National Academy of Television Arts & Sciences (NATAS) Technology & Engineering Emmy Awards
Ivan Seidenberg
Las Vegas, NV
January 7, 2009
As delivered
Acceptance Remarks
After more than 42 years in the telecom business, here’s a sentence I never thought I’d say: I’d like to thank the Academy for this award. It’s especially humbling to be presented with an Emmy from two legends of the television industry, Peter Price and Sir Howard Stringer. Just to put things in perspective, Howard has received about 40 of these over his career, so I’m very grateful that he is able to be here this evening.
Howard and I go back some 15 years, to the very beginning of the journey that would put television and telecommunications in the same business. At the time, the world looked a lot different than in does today. There was barely any Internet. Very little broadband to the home. No set-top boxes to receive digital content. No digital wireless networks. Certainly no fiber-optic networks with the two-way capacity of FiOS. And precious little content in the form of the 1’s and 0’s that would be the universal language of the digital revolution.
What we did have – what visionaries like Howard helped us see – was an idea that the marriage of broadband networks, digital content and a new generation of consumer electronics would create something far different, and far larger, than either the communications or the entertainment business alone and would expand our industries beyond the narrow borders of “televisions” and “telephones.”
If we’d known the terms “social networking” or “long tail content” at the time, we might have used them. We simply sensed that the nature of our business was about to change, in ways that would have a profound effect on society.
In retrospect, it’s not surprising that our early attempt to bring about a digital content company didn’t pan out. Too many paradigms were yet to shift – in consumer electronics, in content and applications, in consumer behavior.
But the idea of the transformational power of broadband, wireless and digital technologies remained.
For Howard, that idea led him to Sony and the invention of a miraculous new generation of interactive consumer electronics.
For Peter Price and the content industry, it led to the creation of whole new genres of content for wireless, Internet, and broadband networks.
And for Verizon, it’s led us to reinvent our networks around FiOS, 3G and, soon, 4G technology – the latest in a long line of communications innovations, from the transistor to the cell phone, that have changed the way we live. Five years ago here at CES, we announced the expansion of our 3-G wireless network across the U.S., which helped turn wireless from a voice to a broadband medium. We also announced our intention to build a fiber network capable of delivering 100 megabits and more all the way to homes and business, which would provide the platform for interactive, high-definition broadband and video.
We’ve come a long way in five years.
Today, our FiOS network reaches more than 12 million homes and we’re expanding by 3 million homes a year. Later this year, we will start to deploy our 4 G wireless network. Our investments in the backbone network are helping the Internet run faster and better. The ripple effects of this massive shift to big broadband and big wireless can be felt across the industry – from the equipment manufacturers who make the cables, routers, and chips; to the software developers; to the content developers; to the consumer electronics companies who invent the devices to make this all work for customers.
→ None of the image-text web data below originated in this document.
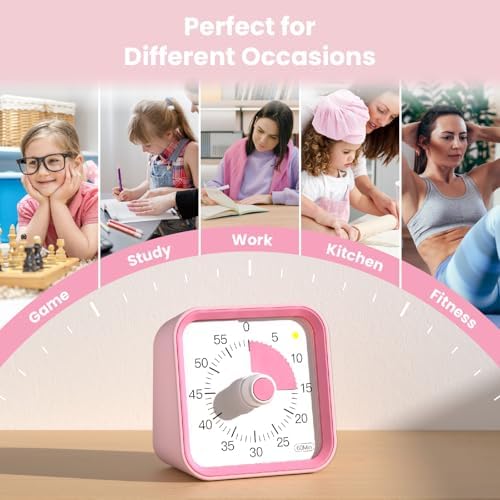 Visual Timer for Kids, Cute Timer with Pause Function, Pink - Image 6
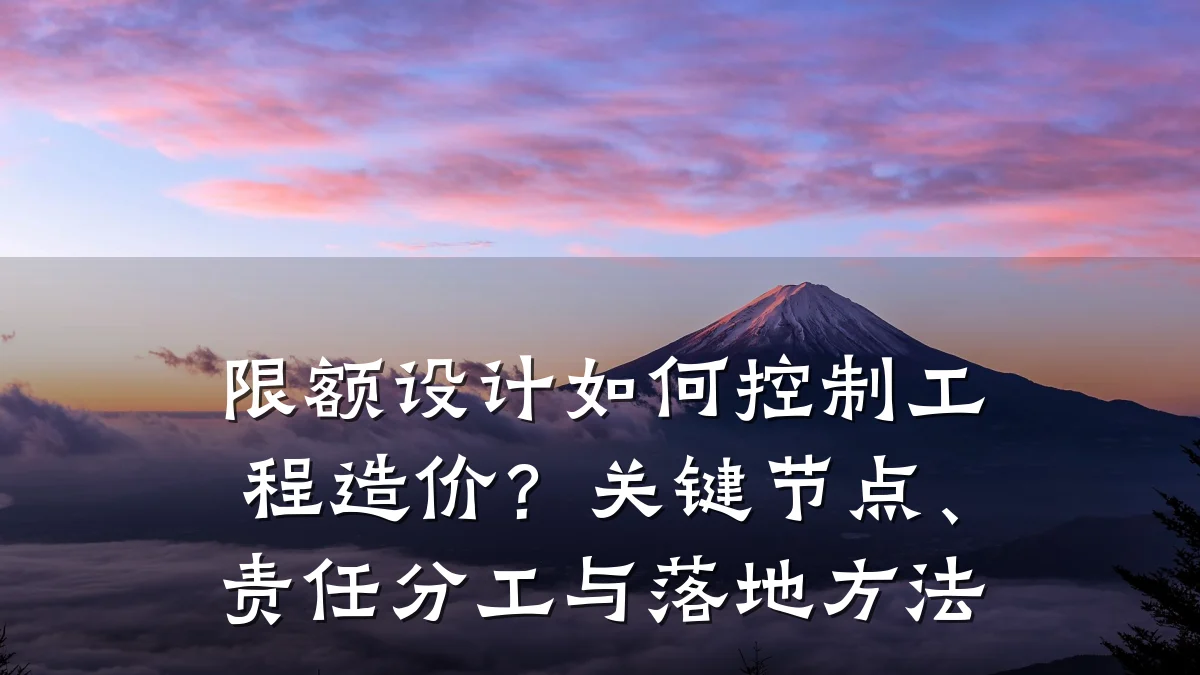 限额设计如何控制工程造价?关键节点、责任分工与落地方法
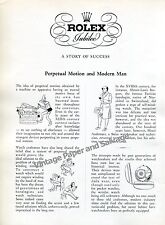 Vintage 1946 Rolex Perpetual Motion and Modern Man 1940s Swiss Ad Rolex Watch Co picture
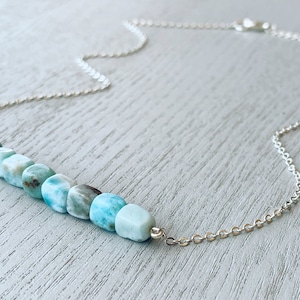 Larimar Necklace, Real Larimar Crystal Necklace, Blue Stone Beaded Necklace, Natural Raw Larimar Necklace, Larimar Jewelry, Chakra Necklace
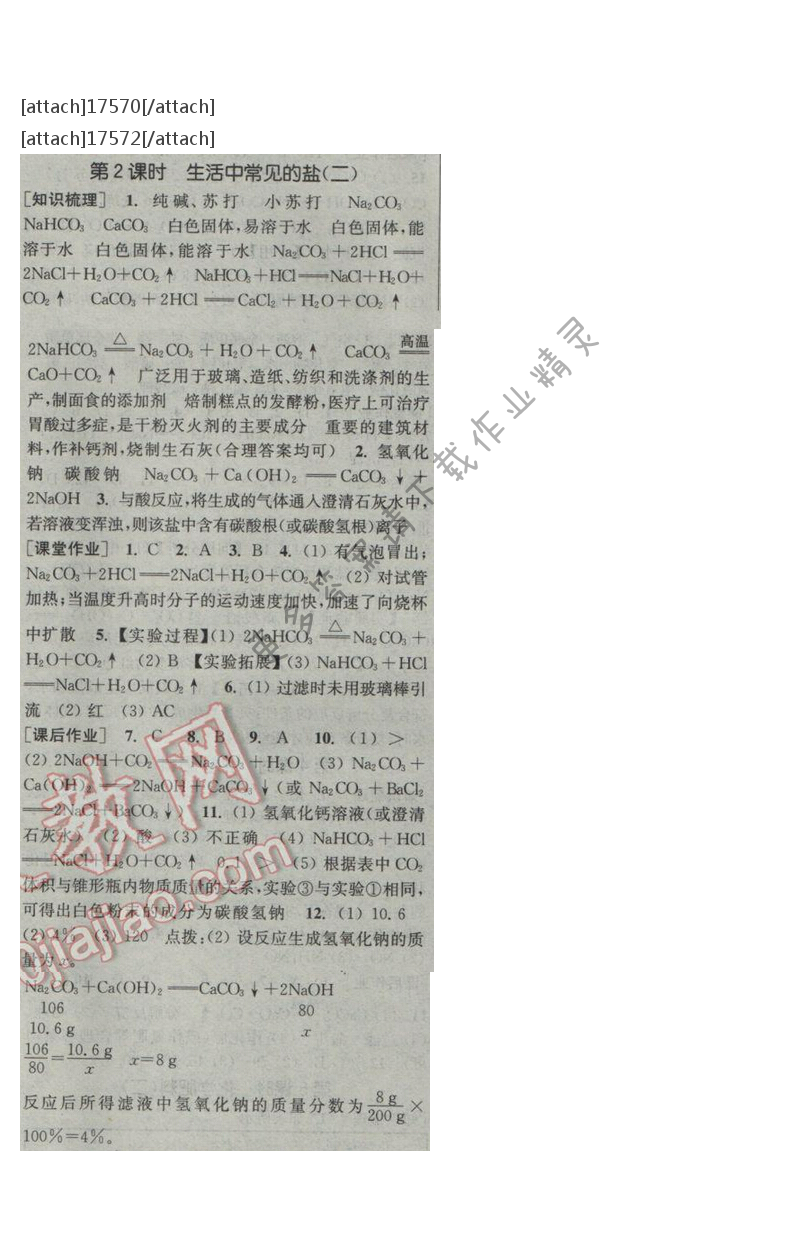 通城学典课时作业本九年级化学下册人教版 第十一单元 第二课时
And the great thing is, this wave of innovation has just begun to gain momentum.
I want to thank our Board of Directors, who had the courage to change the trajectory of our company.
I want to thank the superb engineers and technical visionaries at Verizon – some of whom are with me tonight -- who believed in the power of networks to transform our business.
I want to thank the thousands of Verizon employees who have pursued our new vision with skill and enthusiasm.
And I want to thank our many partners from all across the communications, entertainment, and electronics industries who are helping us deliver our vision to customers.
You know, the Presidential election of 2008 reminds us of what can happen when you recognize the pivot point for change and seize the opportunity to change direction, create new possibilities and open new avenues for growth.
I believe we are at one of those pivot points in our industry, with the biggest opportunities for growth and transformation still ahead of us.
We have yet to see how digital media will transform education and unleash the creative energies of our children.
We have yet to tap the power of broadband to save energy and the environment.
We have yet to use interactive technologies to revolutionize health care.
We have yet to fully embrace what the pioneers of digital media instinctively knew – that the most exciting things happen when you expand your idea of yourself by connecting to a bigger, more inclusive view of the future.
I congratulate all of you for the accomplishments being celebrated tonight. My thanks for everything you’re doing – and everything you will do – to invent the broadband future. And I’m confident that – with the inventiveness and passion of the people in this room – the best is yet to come.